First of all, let me say that I think Bruni’s argument about the questionable constitutionality of this process is worth reading – if you haven’t, do it. Being a non-Venezuelan, I don’t think I’m really qualified to weigh in on the validity of that argument, but I don’t want the fact that I’m discussing an article to make it seem that I consider it a non-issue. (Speaking of that, check out this picture, with its caption about constitutional reform. Ironic, no?)
Second, I want to comment in general about constitutions. Being the most important aspect of a true democracy – since no one should be above the law, and it is the ultimate definition of that law, it therefore is more important than any person and their opinions – I believe it should contain only the most important, fundamental priorities. In other words, a constitution should always be short, because there are only so many things that deserve consideration as the highest priorities.
This is partly true because a constitution should only contain things that the government can reasonably guarantee, the things which should be considered basic, fundamental rights. The U.S. Constitution, for example (I’m not holding it up as a model for the whole world, but simply as a good example – if it were lousy, it wouldn’t have lasted 224 years and counting – and the one I know the best), promises “life, liberty, and the pursuit of happiness,” and pretty much everything in it fits into those categories. It doesn’t reach beyond the basics.

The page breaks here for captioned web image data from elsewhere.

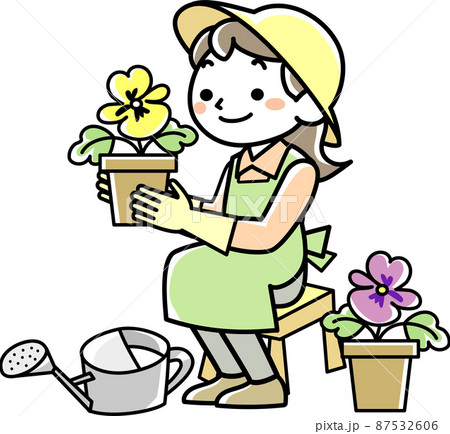 ガーデニングを楽しむ若い女性のイラスト素材
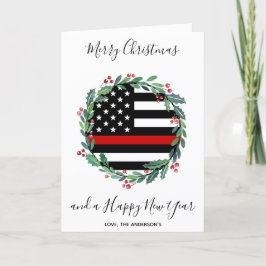 ファイアファイターシンレッドラインクリスマスリースホリデー シーズンカード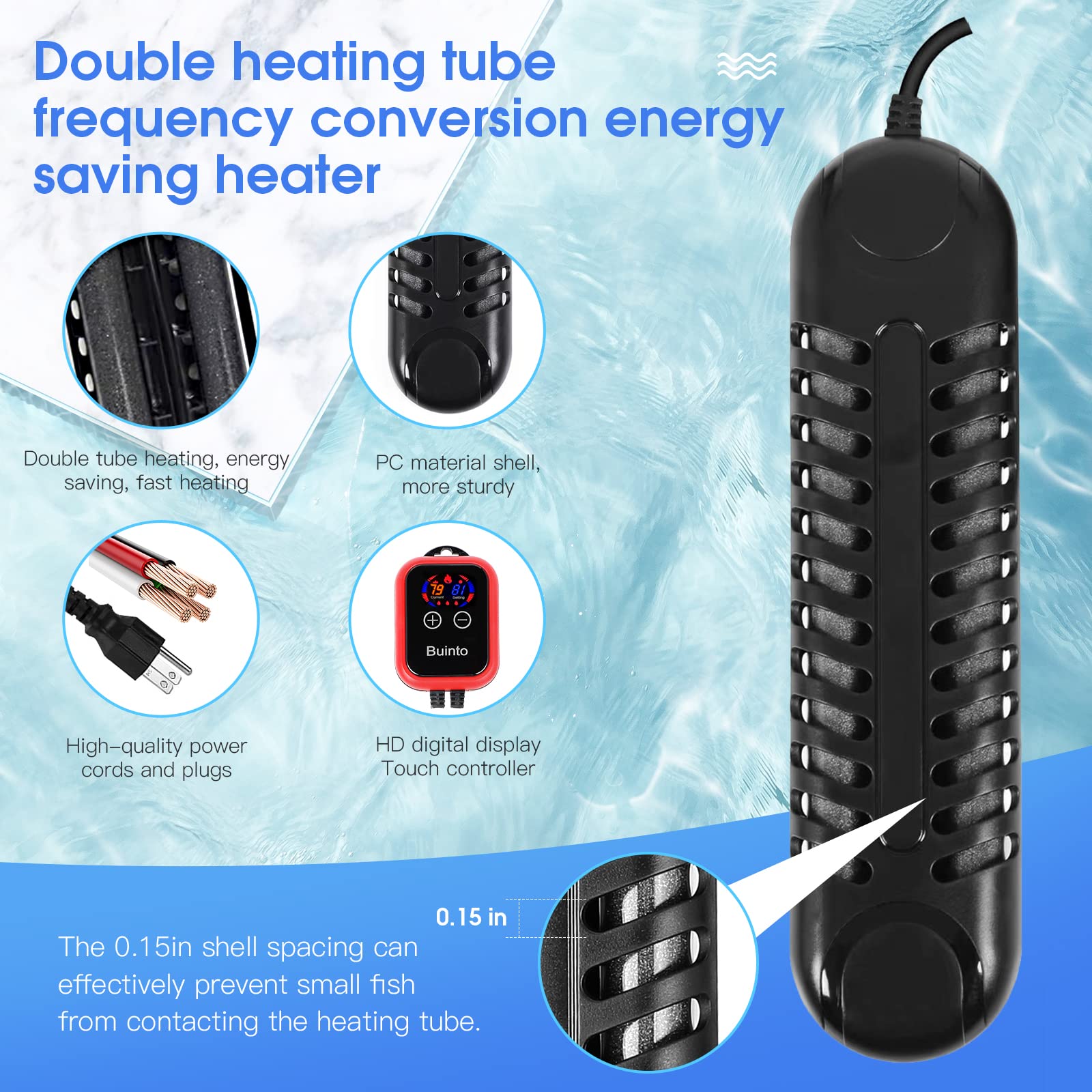 Amazon.com: Buinto Fish Tank Heater. Aquarium Heater. Small Pond Heater.  800W. 1200W Double-Tube Heating, Energy Saving and Power Saving. Suitable  for Freshwater and Saltwater Aquariums (1200W) : Pet Supplies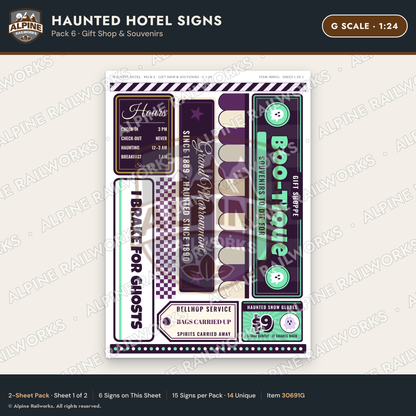 Alpine Railworks 30691G G Scale Haunted Hotel Signs - Gift Shop
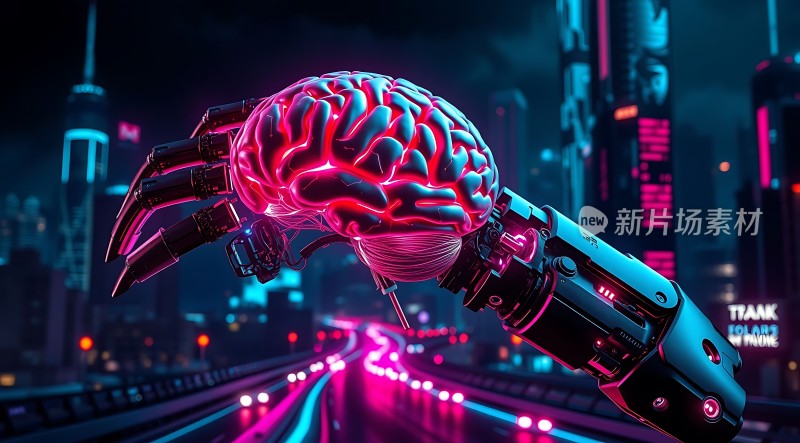 机械臂托起发光大脑未来科技感十足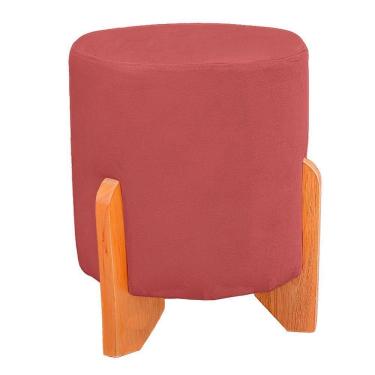 Imagem de Puff Thor Luxo Madeira Maciça Redondo Suede Cor Rose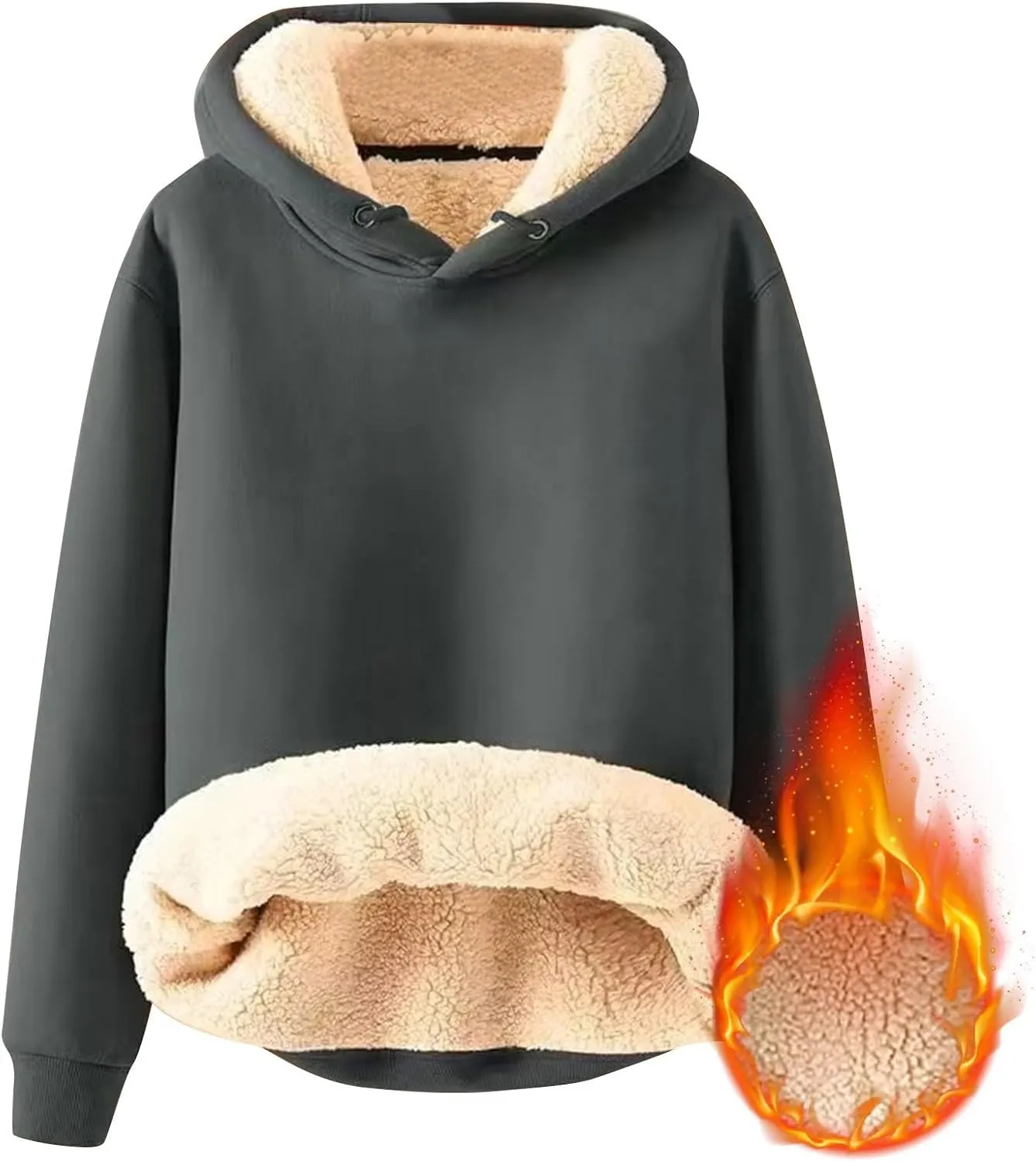Sherpa Lined Hoodie Men Athletic Long Sleeve Oversized Hooded Sweatshirt Winter Warm Casual Comfy Fleece Pullover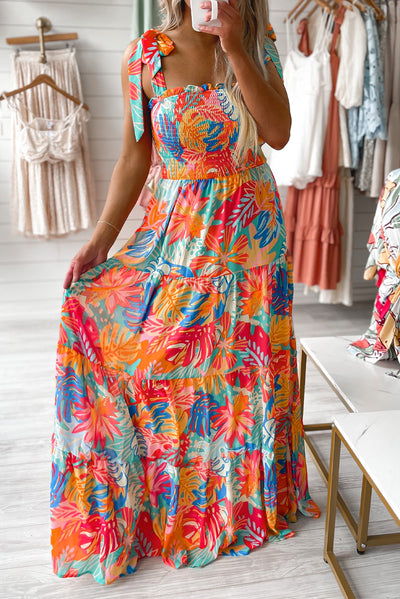 Vibrant Tropical Print Smocked Ruffle Tiered Maxi Dress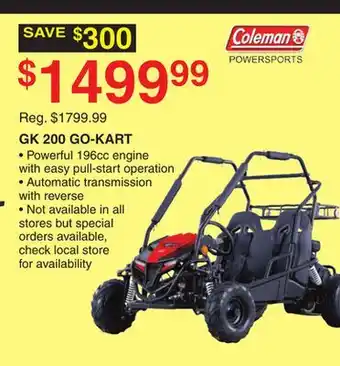 Dunham's Sports Coleman gk 200 go-kart offer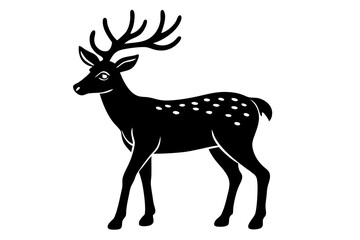 Elegant Line Silhouette Drawing of a Reindeer Simple and Stylish Artwork
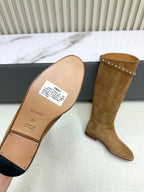 HM 25ss Kelly Buckle Riding Boots Brown Suede 576116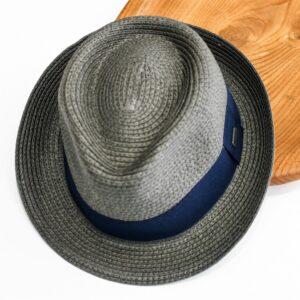 Καπέλο Καβουράκι Γκρι με Μπλε Κορδέλα 2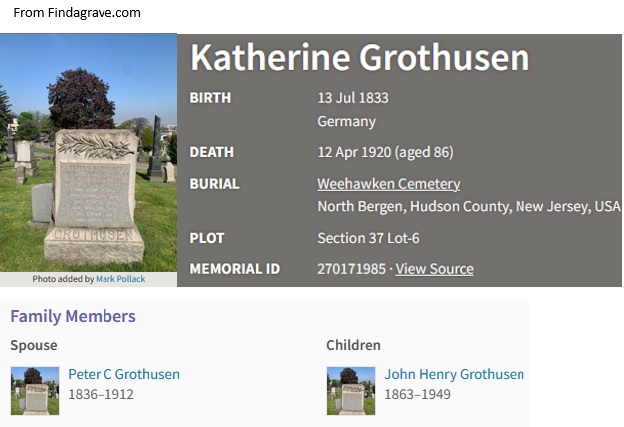 Catherine Grothusen Cemetery Record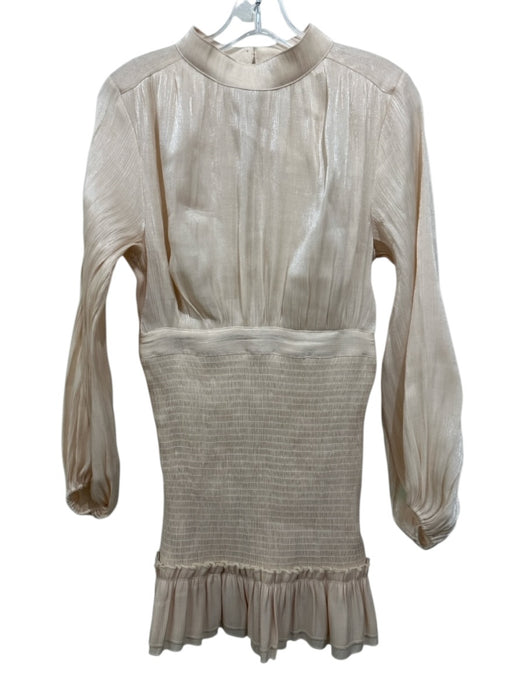 Line & Dot Size XS Blush Beige Polyester Smocked Crinkle Long Sleeve Dress Blush Beige / XS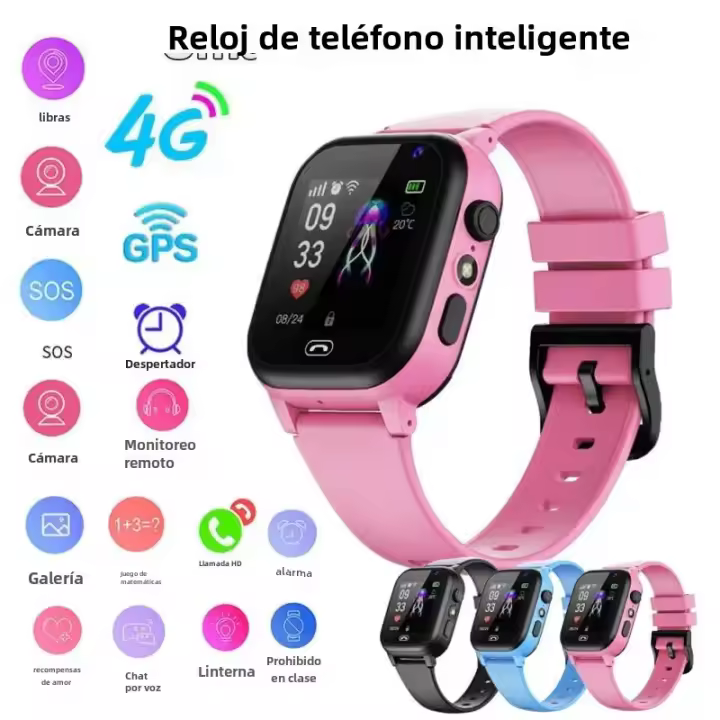 Charla multifuncional impermeable de la cámara con pantalla táctil y cámara trasera de 13MP Reloj Inteligente Para Niños 4G con Llamada SOS GPS Tracker LBS Sim Cartel - 1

Any overly long constitution (350 articles, perhaps?) will necessarily get into one or two areas beyond the fundamental rights: things which should properly be enacted as law, not the constitution; and things that can only be described as a wish list. A good standard for the first might be whether or not it can sustain at least 2/3 support of the people indefinitely (if it can, maybe it should be constitution material; if not, take it to the legislature). For the second, it comes down to whether or not the government can manage to provide it or not. If it’s beyond its power, but makes you think “Wouldn’t it be nice if…?” then leave it out. (And too much of that is one of the reasons Latin Americans have spent so much time writing new Constitutions – because they didn’t like the “wish list” of the last one.)
That said, on to Article 87.
The old version (translation from www.constitucion.ve – and it’s quite easy to see what these pictures have to do with the Constitution. Not!):
All persons have the right and duty to work. The State guarantees the adoption of the necessary measures so that every person shall be able to obtain productive work providing him or her with a dignified and decorous living and guarantee him or her the full exercise of this right. It is an objective of the State to promote employment. Measures tending to guarantee the exercise of the labor rights of self-employed persons shall be adopted by law. Freedom to work shall be subject only to such restrictions as may be established by law.
Every employer shall guarantee employees adequate safety, hygienic and environmental conditions on the job. The State shall adopt measures and create institutions such as to make it possible to control and promote these conditions.
The new version:
All persons of working age have the right and duty to work. The State will develop policies that generate productive work, and will adopt social measures necessary for each person to achieve an existence which is dignified, decorous and beneficial for themselves and for society.
The State will guarantee that in all labor centers safety, hygienic and environmental, and social relations conditions are fulfilled in accordance with human dignity, and will create institutions such as to make it possible to control and promote these conditions.
In the application of these principles of co-responsibility and solidarity, the employer will adopt all necessary measures for the fulfillment of these conditions.
Work will be subject to the regime established in this Constitution and the laws of the Republic.
For the purpose of guaranteeing the exercising of labor rights of independent workers, such as taxi drivers, truckers, retailers, craftsmen, professionals and who are self-employed in whatever productive activity to support themselves and their family, the Law will create and develop everything with regard to a social stability Fund for self-employed workers, so that with the contribution of the State and the worker, the worker can enjoy fundamental labor rights such as retirement, pensions, vacations, rest, prenatal and postnatal care, and other rights established by law.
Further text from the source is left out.